When I started this blog, this written exploration into my marriage, I had reached the point where, for better or worse, things had to change, or they had to end. Now, because I’m as wonderfully flawed as anyone on this good earth, my assumption was that the changing was going to be done by Jack. Right? He’s the guy with the raging PTSD. Come on! Of course, he’s the one who needed to change.
But a funny thing happened on my journey, the actual writing of My Life with a Wounded Warrior.
Gut-wrenching-bleed-all-over-the-page honesty very often left me remembering the love, the joy, the shared laughter that had once been the base of our marriage. So, what started out as a kind of internet gripe session about the challenges of living with PTSD, quickly became a love song. I did not mean for that to happen.
My original goal for starting this blog was to give hope and understanding to other women who love men wounded emotionally by war. Post Traumatic Stress Disorder. That’s the label for what our warriors experience.
Of course, it’s not a disorder at all.
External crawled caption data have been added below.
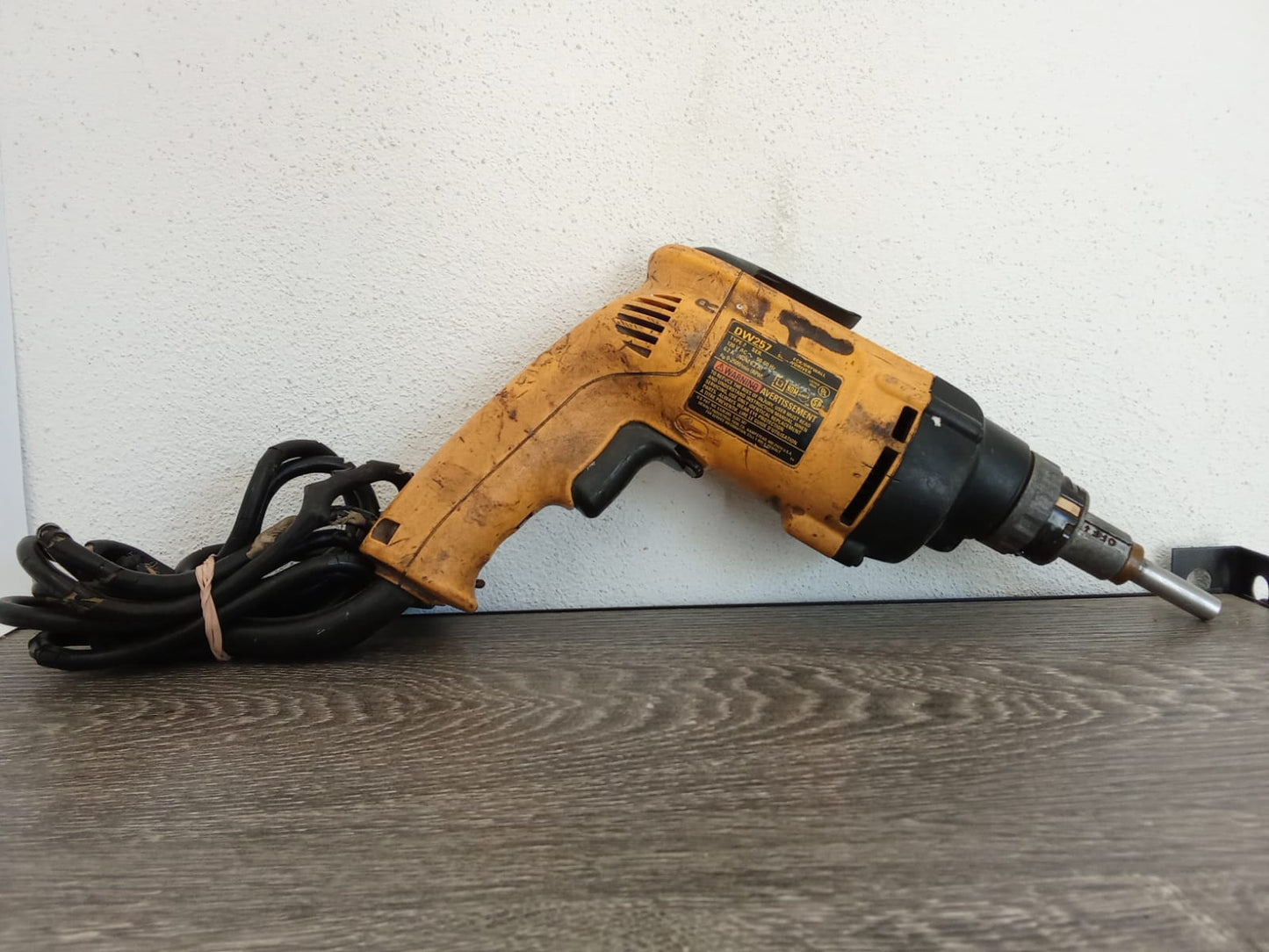 Atornillador Alambrtico DeWALT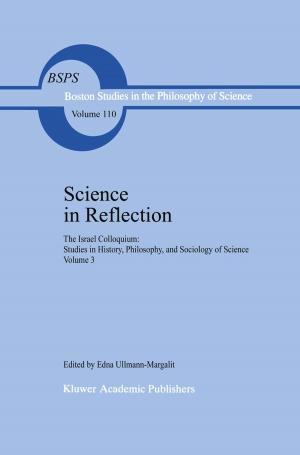 Cover of the book Science in Reflection by C.M. Leech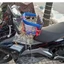 GHẾ NGỒI XE MÁY CHO BÉ XE AB-PCX GHẾ INOX GHẾ ĐI XE MÁY CÓ TẶNG KÈM VÒNG ĐỞ VÀ ĐAI AN TOÀN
PTSD is the natural reaction to going to war. The body shuts down, concentrates on survival, and there is so much adrenaline flowing that the survival instinct becomes embedded in the brains and chemistry and bodies of the men and women who enter into battle. Besides, like Jack, these veterans have seen and experienced images and events that we civilians can’t, in our worst nightmares, comprehend.
So, my goal in writing the book, in writing this blog, was to, through utter honesty, share my experiences with Jack and his PTSD in the hope of helping other women to better understand their warriors.
And, judging by the comments, that connection with other wives of veterans did absolutely occur. Which brings me great joy. But something completely unexpected happened also.
My arrangement with Jack is that he read every blog post before it’s published. Over time, through week after week of posts, for the first time in our twenty-five years together, Jack began to comprehend that I know who he is. He came to understand that I accept him. He, finally, GOT that I love HIM, not the man he wants to be, not the man I sometimes wish he was, but HIM.
And, here’s the kicker, I finally GOT it, too. Accepted that right here, day-to-day, with this big, stubborn, complicated, old Marine is where I need to be. Where I choose to be.
I love him. It’s really, after all these words, as simple as that.